Roche & Cie

The establishment of the WHT regime continues

22 Sep 2016

The draft law on the withholding of income tax has just been published. It will be implemented as of 1 January 2018.

It is in any case what Michel SAPIN and his Secretary of State for the Budget, Christian ECKERT, confirmed in a communication to the Council of Ministers on 3 August.

The option of employees to a neutral rate

Each month, employers will receive, via registered social statement, the levy rate applying to the remuneration they pay to their employees. This custom sampling rate will be calculated based on the last tax return filed by the employee. He, however, may indicate to the tax authority his refusal to see the custom rate transmitted to his employer. In this case, a neutral rate, calculated solely on the basis of the remuneration granted by the employer, shall apply. And when a complement to the WHT will be due, the taxpayer will have to pay each month directly to the administration.

Rules for applying the levy rate

The administration has indicated how to apply the tax rate and calculate the remuneration to be paid to employees. Specifically, the base of the levy at source will consist of net taxable amount of the salary, after deduction of social security contributions and the deductible portion of the CSG, all before the deduction for business expenses.

In the event that the administration did not provide sampling rate, the employer will proceed to withholding from a rate schedule, which is established every year by the finance law. The first grid would be:

Monthly sampling rateProportional basis
Less than or equal to 1.361 €0 %
De 1.362 € à 1.493 €2 %
De 1.494 € à 1.647 €4 %
De 1.648 € à 1.944 €7 %
De 1.945 € à 2.602 €9 %
De 2.603 € à 3.250 €12,5 %
De 3.251 € à 4.685 €17 %
De 4.686 € à 7.288 €21,5 %
De 7.289 € à 9.639 €25,5 %
De 9 640 € à 17.356 €33 %
De 17.357 € à 33.681 €39 %
More than 33.681 €43 %

Precision: there is also a rate schedule for taxpayers domiciled in Guadeloupe and Reunion and another for those domiciled in Guyana and in Mayotte.


Modulating the levy rate

The taxpayer may modulate, under its responsibility, its rate of levy at source. it is enough for him to connect to his personal space on the website and make the desired change, given that the new rate will apply on or before the third month following the month in during which the decision has been taken modulation until 31 December of that year.

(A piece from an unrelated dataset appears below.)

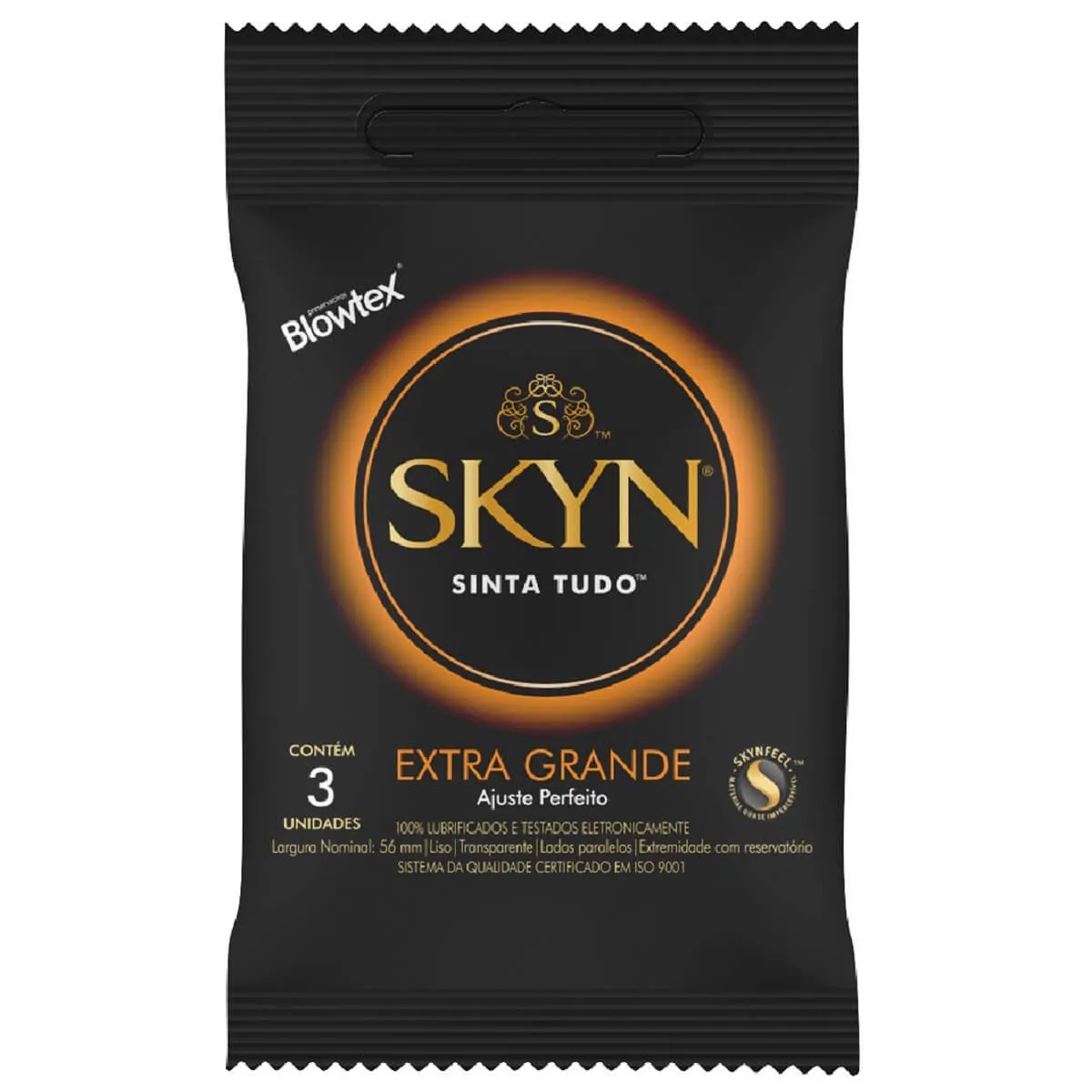 Preservativo Lubrificado Blowtex Skyn Sachê Extra Grande 3 Unidades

Furthermore, the tax rate of the taxpayer may change following a change of circumstances: marriage, conclusion of a PACS, death of spouse, divorce, breaking a PACS.

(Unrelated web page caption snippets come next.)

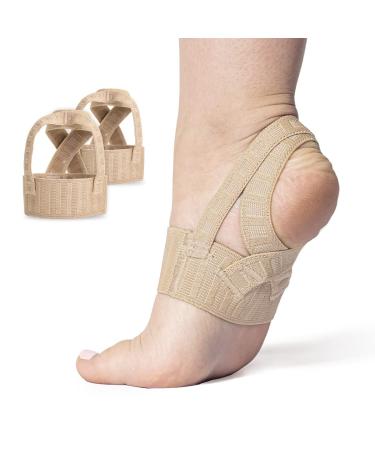 Tuli's X Brace Plus Arch Support Brace and Compression with Added Strap for Sever's Disease Plantar Fasciitis and Heel Pain 1 Pair Medium Medium (1 Pair)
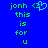 Blue background with green text reading 'jonn' followed by a cyan heart symbol and 'this is for u' below.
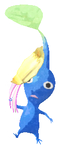 Lifelog artwork of a Blue Special Decor Pikmin with Present Sticker (Gold) decor from Pikmin Bloom.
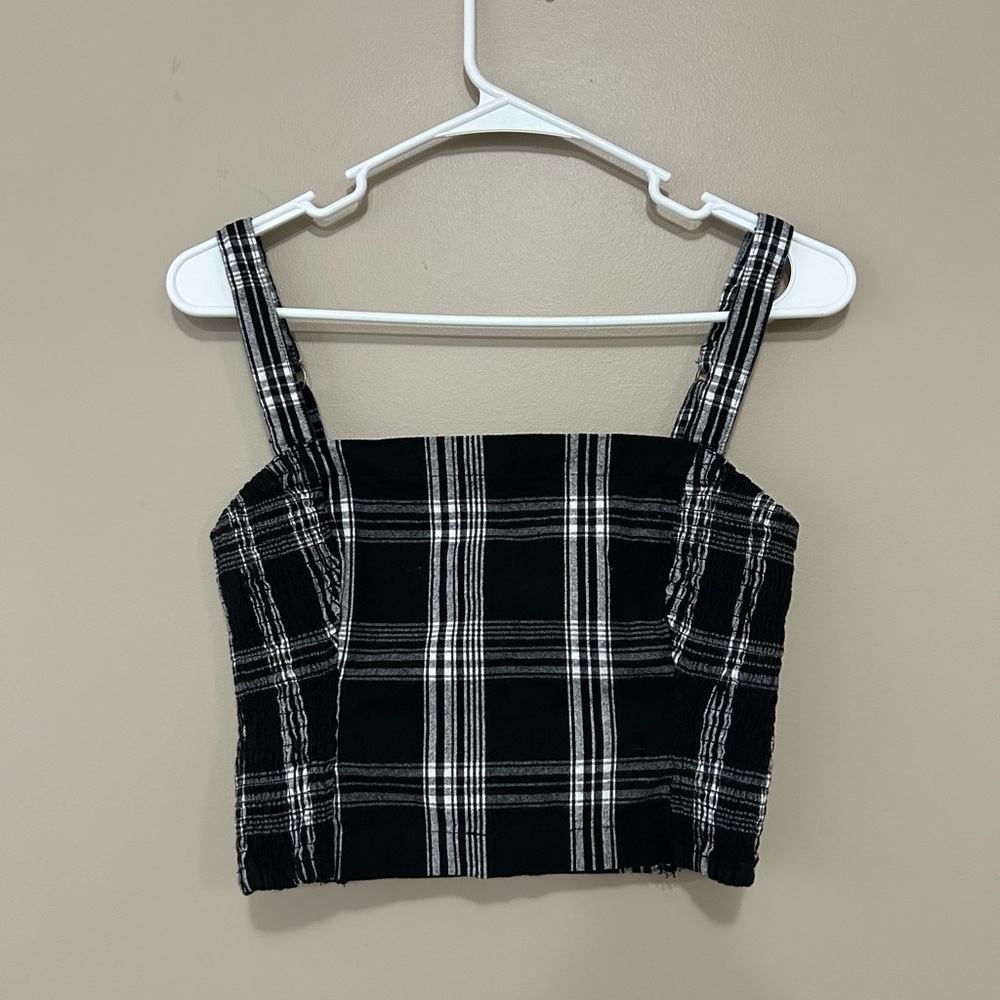 Hollister Cotton Plaid Black & White Crop Top Women’s size Small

This change must be declared within 60 days.

Note: couples may opt, with the tax authorities, for individualized rate according to their income.

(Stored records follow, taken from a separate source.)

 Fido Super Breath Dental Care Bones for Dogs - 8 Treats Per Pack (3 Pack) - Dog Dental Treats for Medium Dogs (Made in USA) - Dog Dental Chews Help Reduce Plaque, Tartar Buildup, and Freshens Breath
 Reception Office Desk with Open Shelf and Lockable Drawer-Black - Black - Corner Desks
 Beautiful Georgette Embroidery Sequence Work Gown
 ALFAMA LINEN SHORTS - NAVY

Precision: the statement of revenue may give rise to a refund or a tax supplement handled directly between the tax authorities and the taxpayer.

However, to avoid double payment of tax in 2018, tax income applicable to non-recurring income earned in 2017 will be offset by the application of an “exceptional tax credit of modernization of recovery”.

This tax credit is allegedly equal to the amount of income tax due for the year 2017, given that the tax authorities may request the taxpayer of supporting all the factors used to determine the amount.

Also note that the effect of reductions and tax credits related to 2017 will be preserved.

Warning: specific rules for calculating the non-recurring income and anti-optimization measures will be provided in order not to grant unjustified advantages to taxpayers likely to “drive” their income.